Orson Welles
Dopo
il titolo, la voce nostalgica di Orson Welles entra su un lungo
“nero” che poi sulla spinta di quella voce si apre al visivo con
l’inquadratura della casa degli Amberson, in una descrizione
incantata del tempo passato. L’istanza narrante si materializza
nella voce. L’orgoglio degli Amberson è il film di Welles
in cui più forte e dichiarato appare il suo legame con la radio: la
voce narrante è generatrice della visione. Si permette anche
a un certo punto di accennare un duetto verbale con un personaggio
(la saggia signora pettegola), realizzando nella narrazione
affascinanti spostamenti dello statuto di realtà. Più tardi,
introduce - come per enunciarne la solennità - la potente
riflessione del Maggiore Amberson sull’universo e la morte; vicino
al finale, introduce e commenta, lenta e triste, la preghiera di
pentimento di George. Inoltre, quale concretizzazione dell’istanza
narrante, è responsabile della rivoluzionaria freschezza e densità
del linguaggio visivo. Per questo alla fine, nei famosi credits
visivi che sostituiscono i cartelli, al momento di nominare il
regista vediamo nell’inquadratura la voce di Welles provenire da un
microfono... “My name is Orson Welles”... che poi si
allontana e sparisce nella dissolvenza, e ciò segna la fine del
film.
Dice
il luogo comune che Welles a differenza di tutti gli altri suoi film
non è interprete negli Amberson. Ma la verità è che Welles
interpreta gli Amberson due volte. E’ la voce narrante,
nella sua materialità generatrice; ma è presente anche in un
secondo modo, proiettandosi fisicamente nella narrazione attraverso
l’interpretazione di Tim Holt, che in tutto il film sembra il suo
doppio, una sovrimpressione spettrale.
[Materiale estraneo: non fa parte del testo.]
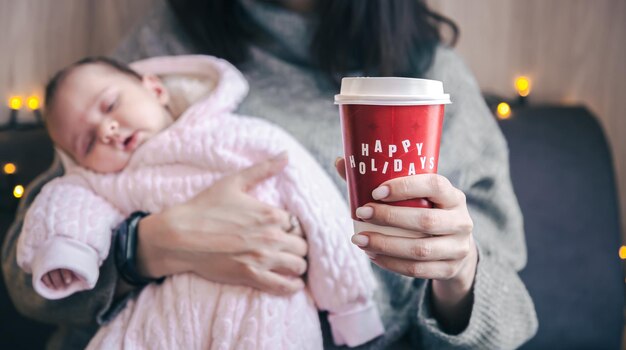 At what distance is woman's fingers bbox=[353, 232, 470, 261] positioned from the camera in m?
0.45

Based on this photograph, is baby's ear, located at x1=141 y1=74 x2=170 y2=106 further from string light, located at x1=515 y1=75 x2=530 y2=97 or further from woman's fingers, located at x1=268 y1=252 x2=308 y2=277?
string light, located at x1=515 y1=75 x2=530 y2=97

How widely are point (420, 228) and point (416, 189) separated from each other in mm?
39

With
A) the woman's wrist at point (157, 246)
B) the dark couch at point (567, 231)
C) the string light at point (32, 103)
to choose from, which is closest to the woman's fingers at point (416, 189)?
the woman's wrist at point (157, 246)

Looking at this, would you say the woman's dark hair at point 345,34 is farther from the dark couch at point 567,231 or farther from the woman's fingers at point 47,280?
the woman's fingers at point 47,280

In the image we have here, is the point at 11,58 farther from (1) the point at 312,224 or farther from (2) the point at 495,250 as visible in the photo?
(2) the point at 495,250

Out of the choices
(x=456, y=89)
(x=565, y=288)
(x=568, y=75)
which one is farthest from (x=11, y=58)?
(x=568, y=75)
Welles trasforma Tim Holt in
un particolarissimo stand-in di Welles stesso nel ruolo di
George Amberson Minafer (già interpretato da Welles stesso
nell’adattamento radio dell’ottobre 1939). E qui va ricordato che
Welles affermava - ma la veridicità è dubbia - che Booth
Tarkington, autore del romanzo, frequentasse la sua famiglia e
l’avesse conosciuto nella prima giovinezza: lasciando intendere che
il personaggio di George fosse stato modellato proprio su di lui.
Così
Welles ne L’orgoglio degli Amberson trasforma la sua
consueta tecnica proiettiva - di mettere in scena un personaggio che
è una parte di se stesso, di una sfaccettatura della propria
personalità polimorfa - in un gioco di specchi raffinato: dove
Welles proietta se stesso nel corpo fisico dell’interprete per
inscenare per interposta persona la proiezione di se stesso nel
personaggio di George.
Una
doppia presenza, non fisica ma materiale e fondante. Ora
pensiamo alla grande scena della preghiera di George, la notte prima
di lasciare per sempre casa Amberson, che chiede perdono alla madre
morta (forse la scena più alta e libera, aperta e commossa, senza
mediazioni, che Welles abbia mai girato; forse dovremo aspettare il
Falstaff per vedere qualcosa di altrettanto diretto).
La
voce narrante la introduce, la sorregge, implicitamente la giudica.
Si realizza così un corto circuito fra le due presenze di Welles nel
film: il Welles voce/istanza narrante, dal suo punto di vista
assoluto, non focalizzato, onnisciente, guarda dall’alto e giudica
il giovane Welles/personaggio, figura smarrita che è arrivato alla
comprensione, nel corpo di Tim Holt.